Time management is all about managing yourself. It involves a more organized, focused approach for using your time to your best advantage.
Points to be taken into consideration for efficient time management
Maintain a to-do list: Create a to-do list and make it a habit to continually update it. Include urgent and non-urgent items so that you never forget or overlook anything again. Carry your list with you at all times and be sure to break down your projects and assignments into specific action points. Research absenteeism records on employees
- Prepare “Performance Review” documentation
- Meet with employees to discuss reviews
- Review personal files
- Read employee goals
- Assess performance
Distribute your time: Include an estimated time frame for each action point and the date by which the task must be completed. If the order in which you perform the tasks does not matter, you might be able to accomplish something during unexpected pockets of free time. For instance, you could research information on the internet while waiting in your office for a conference call to begin.
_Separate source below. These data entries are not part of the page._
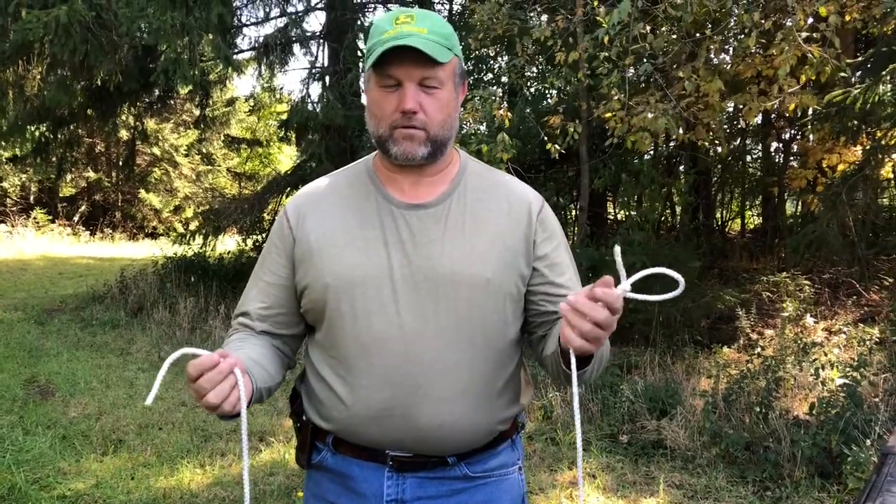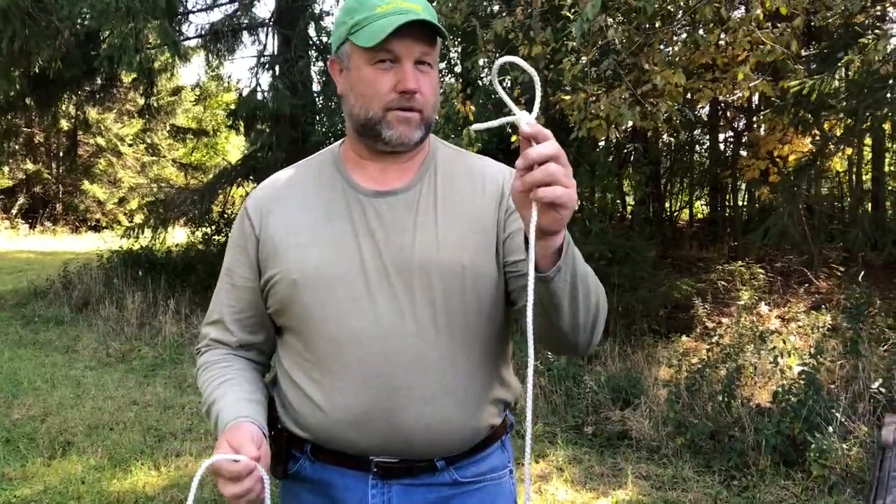Hey y'all, this is the Kentucky Renaissance Man. I want to share with you how I organize my ropes. If you haven't seen my video already on how to tie a bowline and make a small loop, go check it out.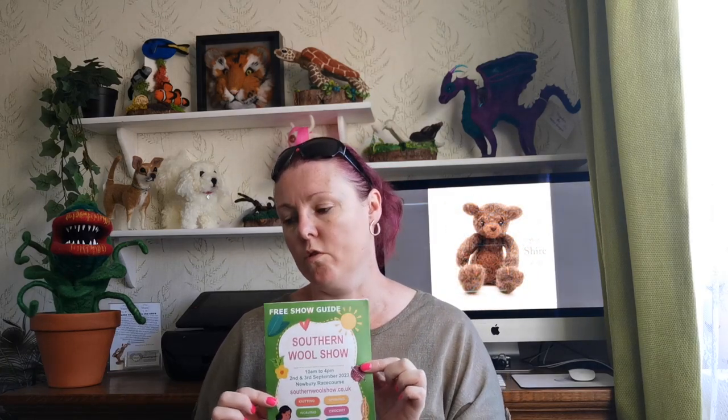Yesterday I went to the Southern Wool Show. It's about two and a half hours drive from here — I'm literally right by Iron Bridge in Shropshire if you know of it. It wasn't as big as Wonderwall in Wales, which was absolutely humongous with so many people there. I think I spent about an hour looking around everything and there wasn't a lot there.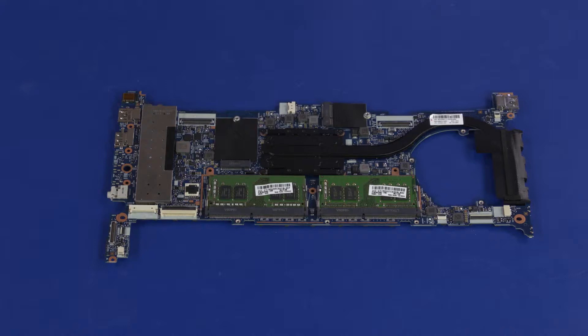After motherboard replacement, be sure to complete post-installation tasks as required, which may include verifying functionality of the notebook, updating the BIOS, and updating DMI and other settings.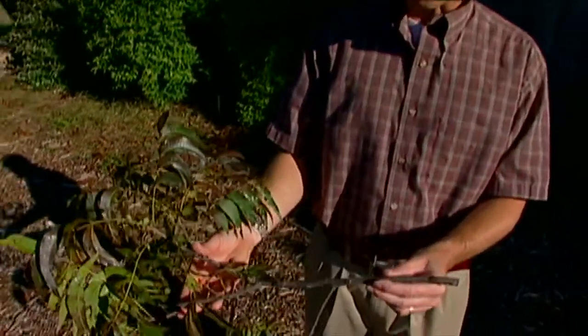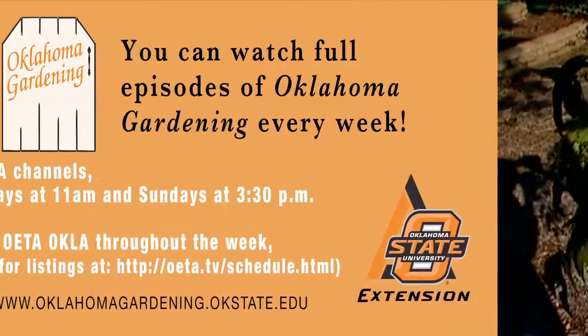Bundle them up and get rid of them and you'll take care of those future twig girdlers. And the next time you see branches falling from your trees, you'll know that you're experiencing the work of the twig girdler.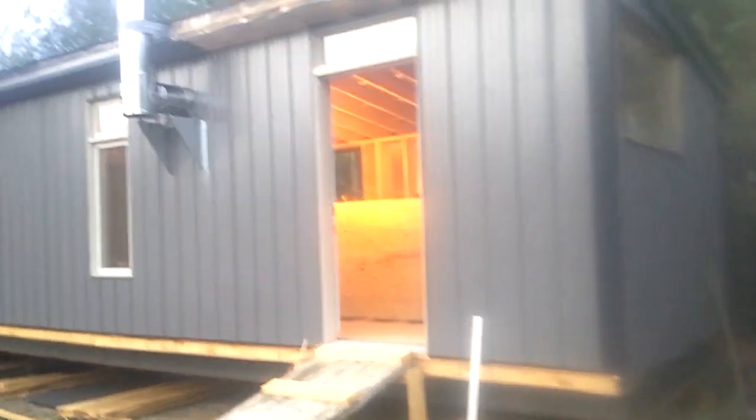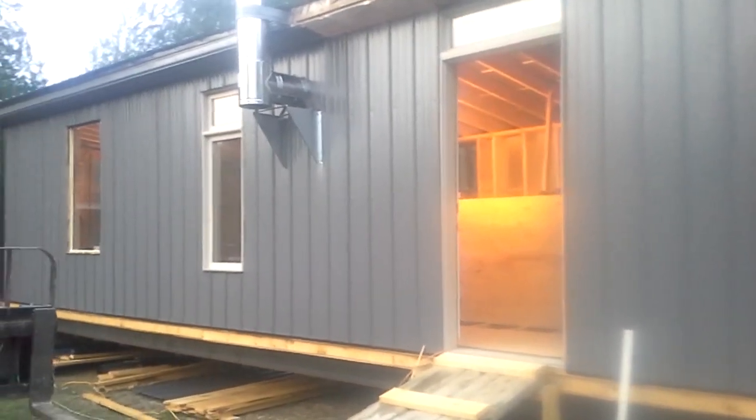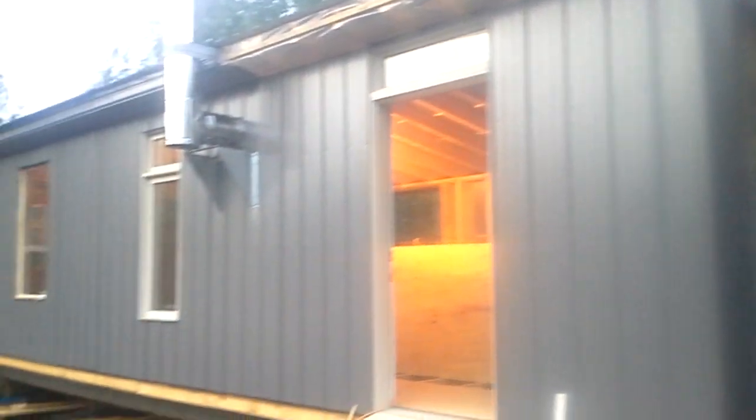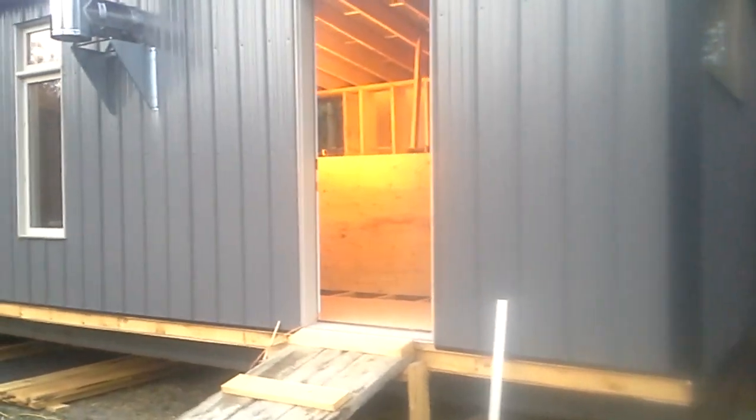This is just an update video on the tiny home build. It's 11 by 32 and not off-grid by any means — it's wired for standard electrical, wood heated, with electric heat as a backup. This is the status as of the first week of November.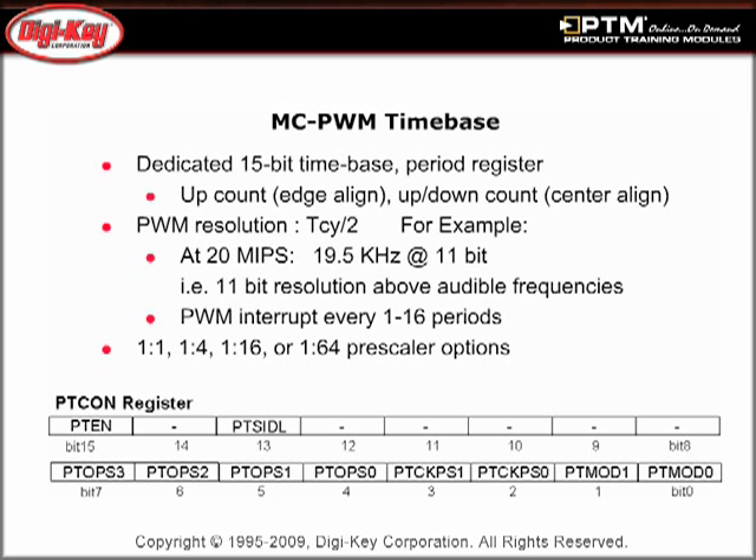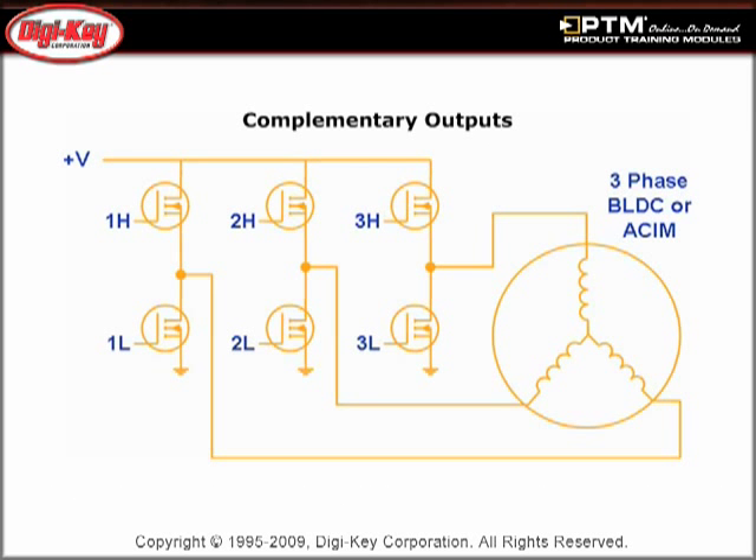This allows the unit to generate edge-aligned and center-aligned PWM waveforms. See how each output pin pair can be programmed in independent mode or complementary mode, and how dead-time generators are disabled in independent mode with no restriction on the state of the pins for any output pin pair.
Value deadlines: Be realistic about setting deadlines and strive to meet them. It’s true that any task takes the exact amount of time allotted to it. Although we tend to get a lot done when we are under pressure, it is a lot less stressful and considerably more professional to establish and stick to an action plan.
Use your time wisely: Consider accessing your e-mail only at certain times of the day and let your voice mail pick up your calls to give you an uninterrupted hour or two. If possible, never touch the same piece of paper or e-mail twice. Do not open your mail unless you have time to read it and take action on it; that is, reply to it, delegate it, file it or discard it.
Organized workstation: Organize your desk, your hard-copy and computer files and your e-mail folders so you can find things easily. Far too much time is wasted searching for lost information.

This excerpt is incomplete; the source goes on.